* [Task brief]:
Leave out all pictures while you copy the lines exactly from the one with "White wrap dress" through the last line of the listing.

* [Provided material]:
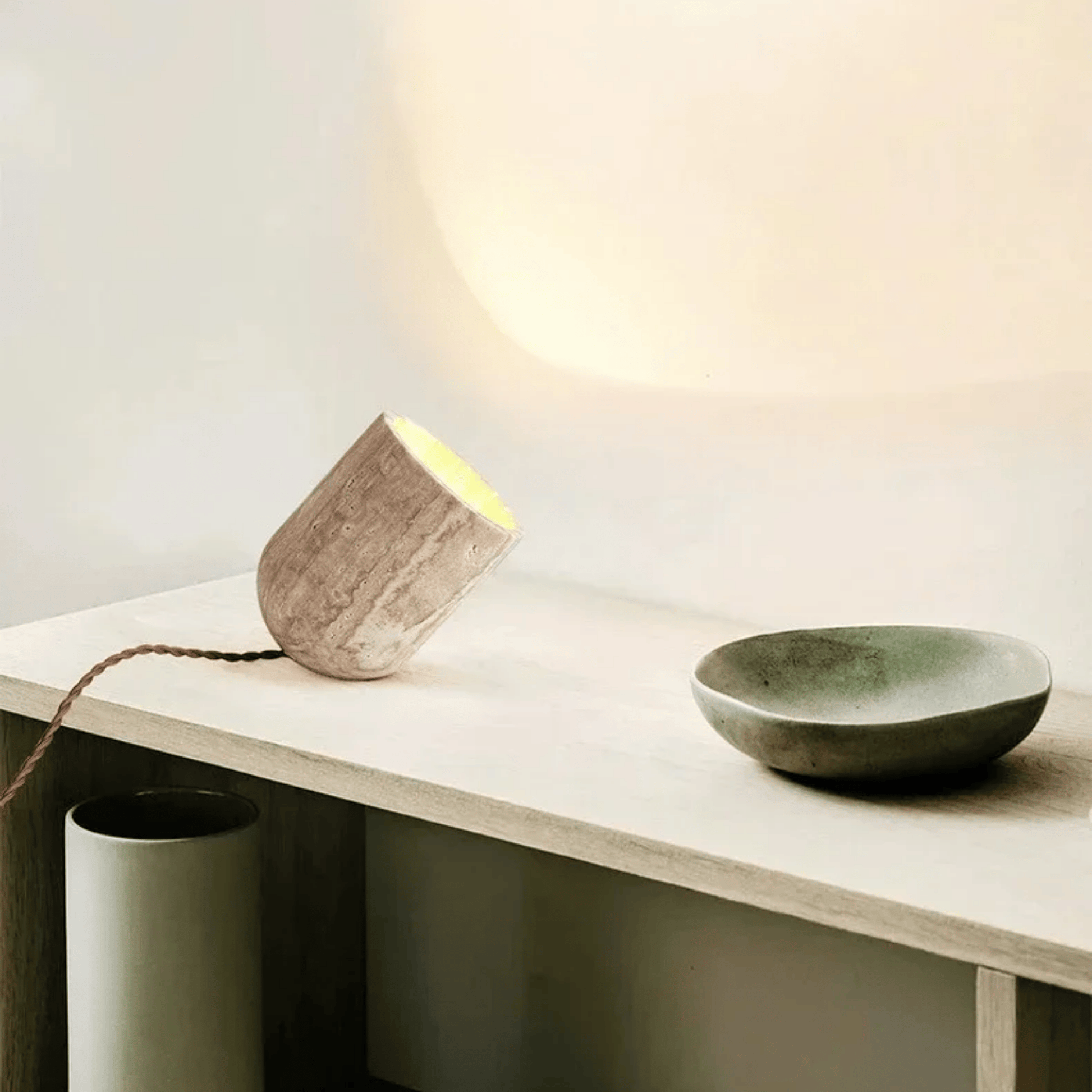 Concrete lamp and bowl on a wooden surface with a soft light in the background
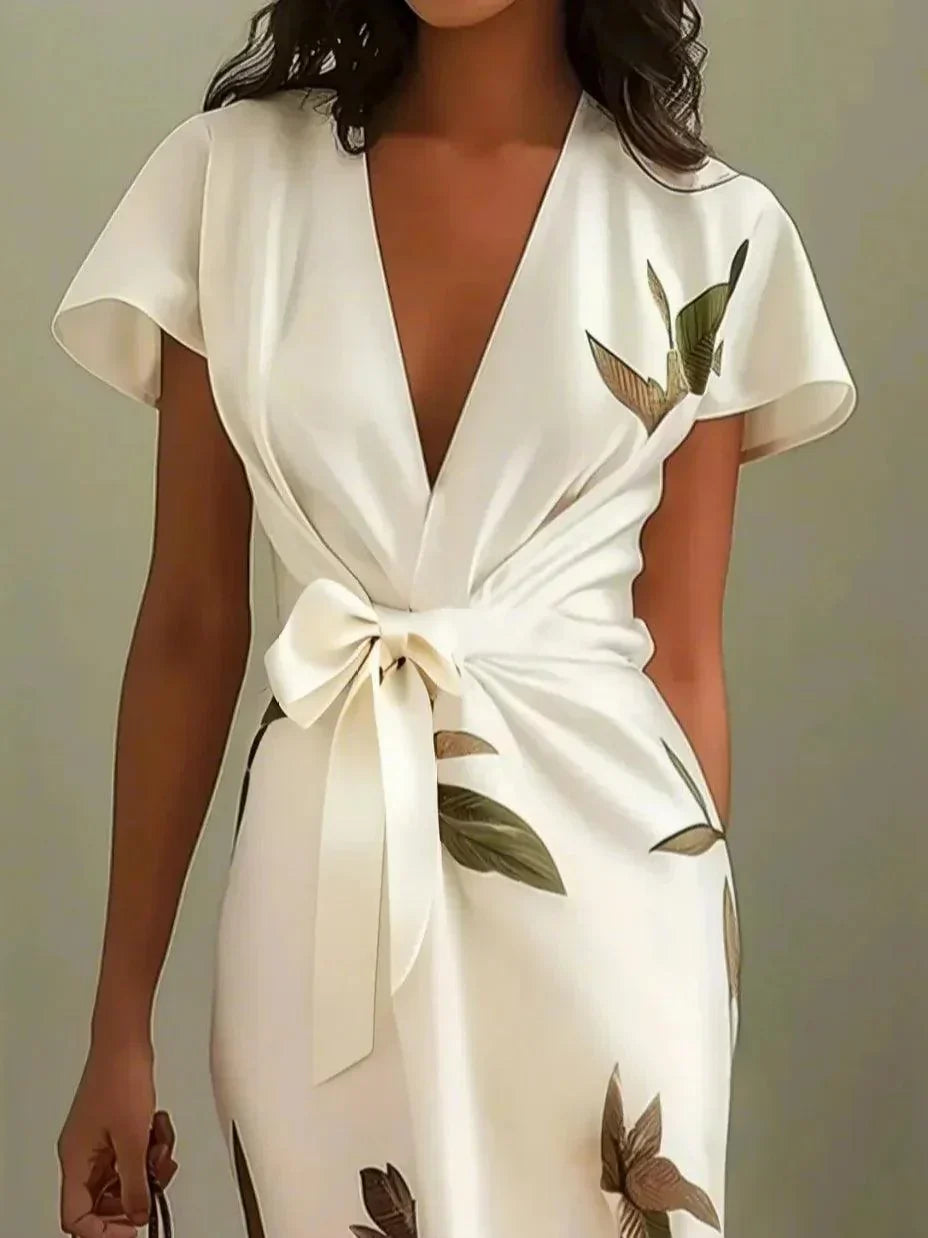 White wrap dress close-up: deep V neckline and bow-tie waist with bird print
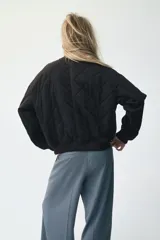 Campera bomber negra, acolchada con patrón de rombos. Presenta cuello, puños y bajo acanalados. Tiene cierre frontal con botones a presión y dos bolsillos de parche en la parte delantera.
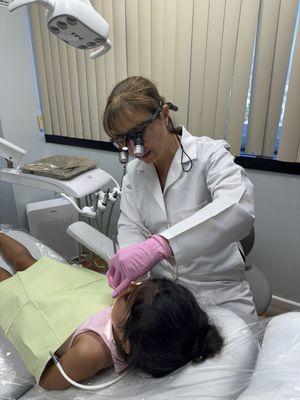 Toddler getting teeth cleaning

* [Answer to this task]:
 White wrap dress close-up: deep V neckline and bow-tie waist with bird print
 Campera bomber negra, acolchada con patrón de rombos. Presenta cuello, puños y bajo acanalados. Tiene cierre frontal con botones a presión y dos bolsillos de parche en la parte delantera.
 Toddler getting teeth cleaning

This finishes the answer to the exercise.